С этого момента и начинает Эстелл Леонтьева свою книгу, посвященную, по существу, людям русской культуры и русских привычек, вынужденно оказавшимся на чужом берегу. Книга написана американкой, может быть, поэтому она особенно интересна. Все, что составляет повседневный стиль жизни в России (во всяком случае, так было до недавнего времени): сосуществование под одной крышей разных поколений; приверженность к праздникам: семейным, религиозным, государственным — любым; отношения родителей к детям, которые так и не становятся самостоятельными в глазах родителей до седых волос, — все кажется странным и начинает постепенно раздражать молодую американскую жену молодого русского профессора из Гарварда. А родители между тем не могут найти себе места в новой для них цивилизации.
Оба — люди из России, оба из Европы, с ее старыми традициями. Они и познакомились в начале века в Париже, где вместе учились, он — сын богатого купца-старообрядца из Петербурга, и она, приехавшая из Одессы, дочь небедных родителей еврейского происхождения, выросшая в семье с социал-демократическим уклоном. Любовь была мгновенной и, как оказалось, на всю жизнь, брак — бомбой для обеих ортодоксальных семей. Мать Леонтьева при замужестве приняла христианство, стала глубоко верующим человеком. Она была очень активна — со свои-ими взглядами на живопись, музыку, литературу. Духовными интересами — только этим и жила семья. И оба не смогли найти себе работу в США, хотя обладали незаурядными и полезными знаниями. Возраст? Обоим было за пятьдесят, когда они оказались в Америке. Вряд ли только возраст. Неумение преподнести свои знания, узко специализировать их, приспособить на американский лад. Кстати, общая беда многих одаренных эмигрантов. И при этой беспомощности, душевной распахнутости, неумелости — стремление жить одним домом с сыном. (Как у Толстого семья Ростовых, пишет Эстелл Леонтьева.) Жить вместе… Вещь редкая, нежелательная и уж, во всяком случае, необязательная для американцев.
Эстелл Леонтьева описывает эмигрантские будни своих русских родственников детально, откровенно, очень искренне, не приукрашивая ни их характеры, довольно непростые, ни свой собственный. Единственный человек, который в мемуарах практически не присутствует, — это ее муж, сам Василий Васильевич Леонтьев. Становится ясно: как мог, он пытался смягчить родителям удары непонятной для них жизни; ясно и то, что отец и мать были ему близки, они часами разговаривали о чем-то своем по-русски.
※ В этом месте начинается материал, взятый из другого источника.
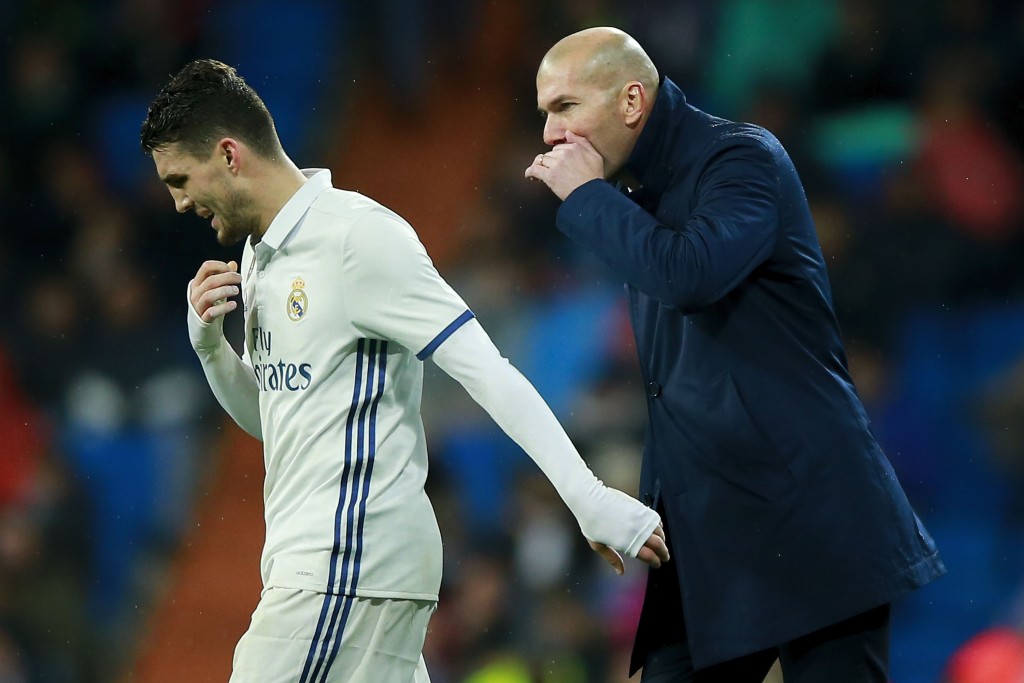MADRID, SPAIN - JANUARY 29: Head coach Zinedine Zidane (L) of Real Madrid CF gives instructions to his player Mateo Kovacic (L) during the La Liga match between Real Madrid CF and Real Sociedad de Futbol at Estadio Santiago Bernabeu on January 29, 2017 in Madrid, Spain. (Photo by Gonzalo Arroyo Moreno/Getty Images)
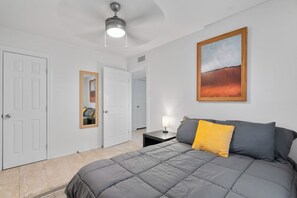 Room - Western Themed 2 Bed in central El Paso 3 min from Refinery (El Paso)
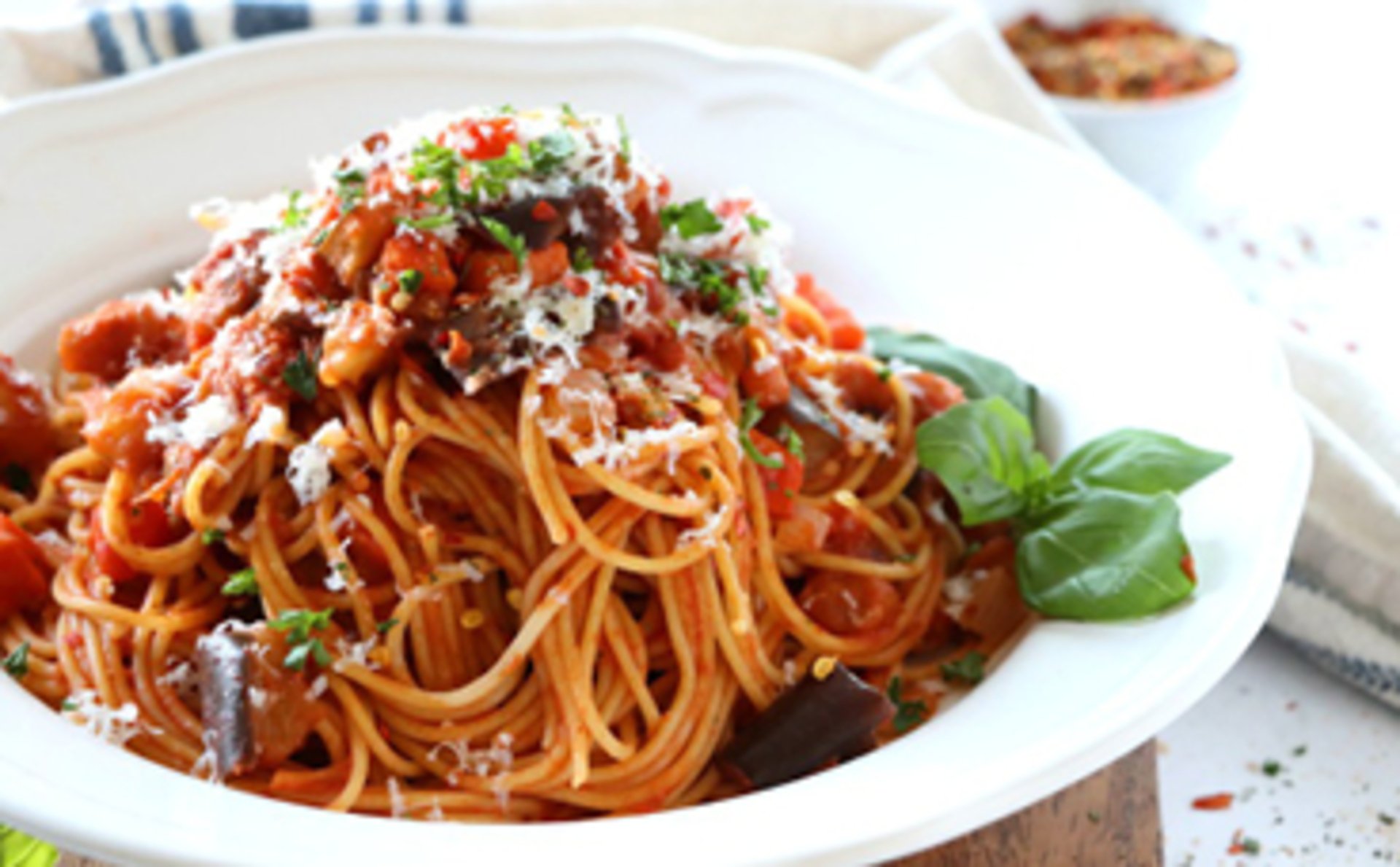 Spaghetti z bakłażanem i mozzarellą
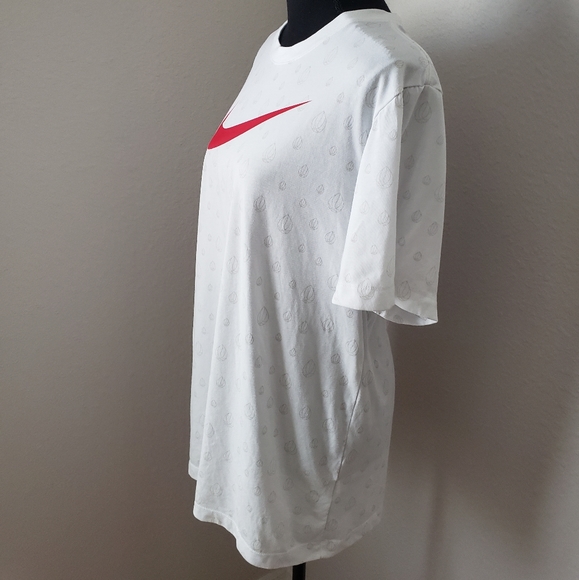 Mens Nike Dri-Fit Graphic Tee - Picture 5 of 15
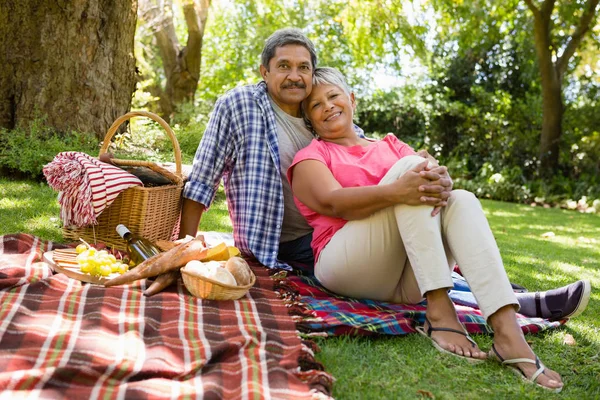 庭に座っている年配のカップル — ストック写真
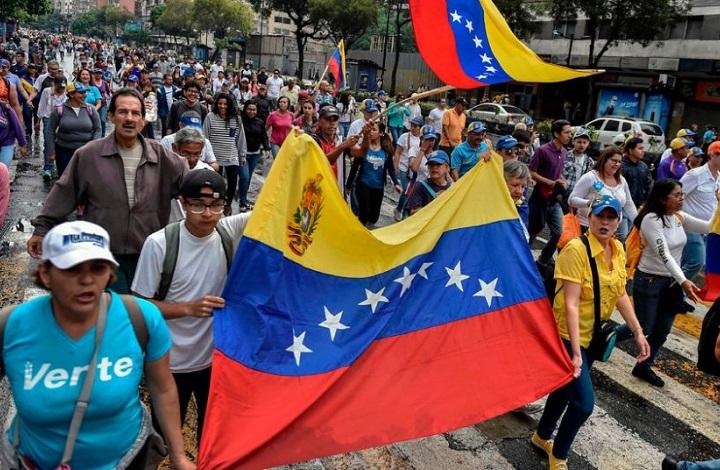 Американист: смена власти в Венесуэле стала для США "маниакальной идеей"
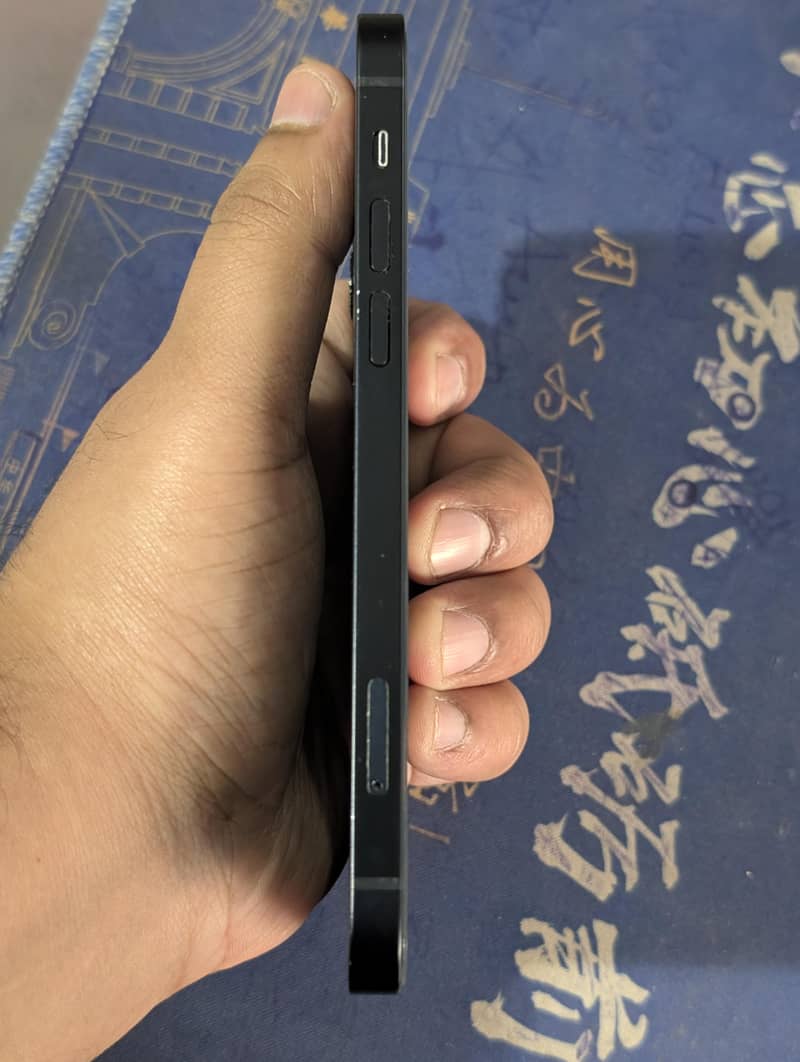 Apple iPhone 12 4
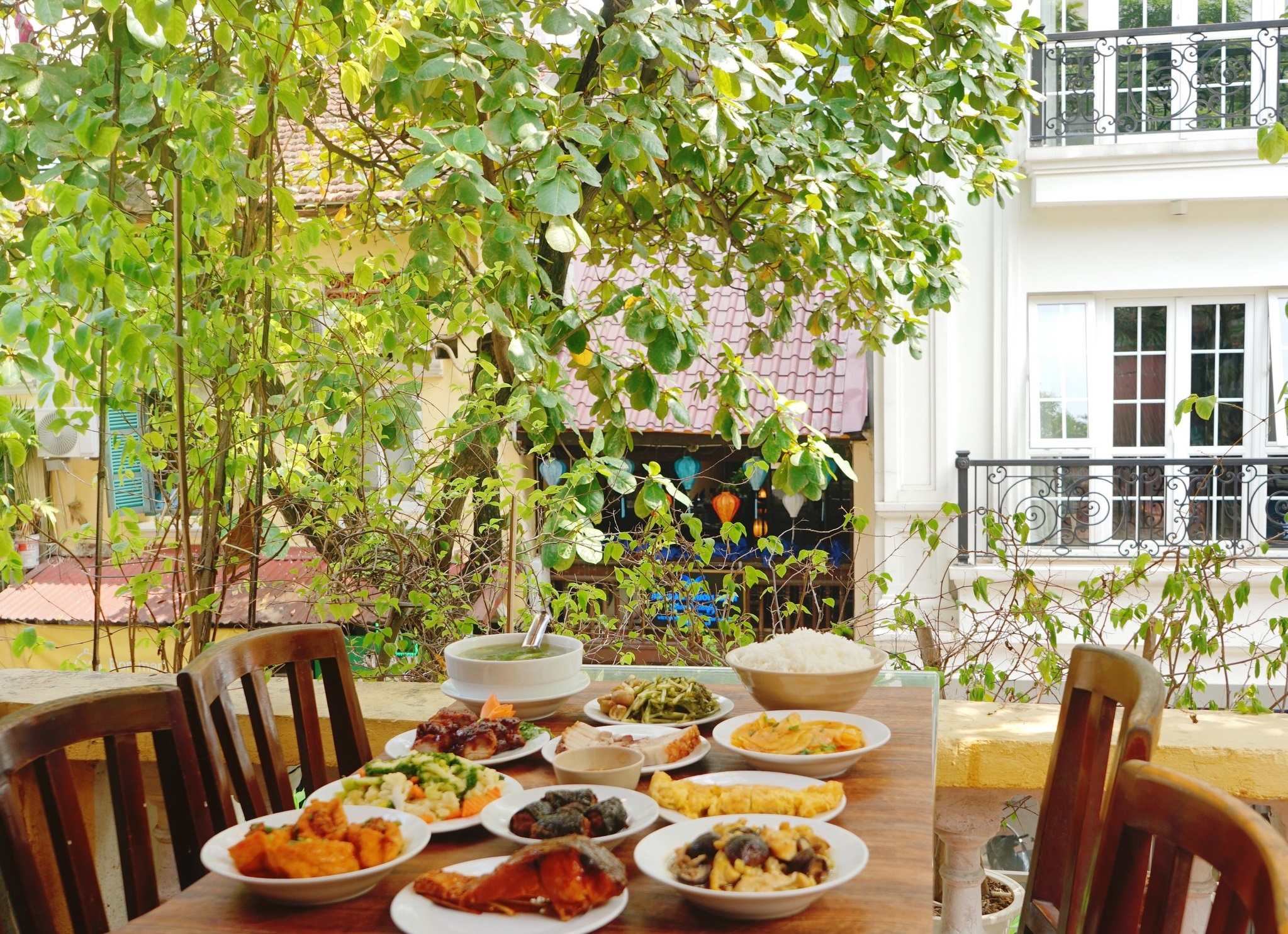 quan-com-gia-dinh-10-smarttravel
Дождались родители и первой поездки сына на Родину, в Советский Союз, его рассказов о Ленинграде, о встрече с сестрой матери Любой, отсидевшей десять лет в Сибири, с двоюродными братьями отца, чья судьба сложилась более спокойно.
Каков обычно замысел у мемуариста, кроме дани памяти умершим? На мой взгляд, Эстелл Леонтьева написала воспоминания, имеющие более широкий и печальный смысл.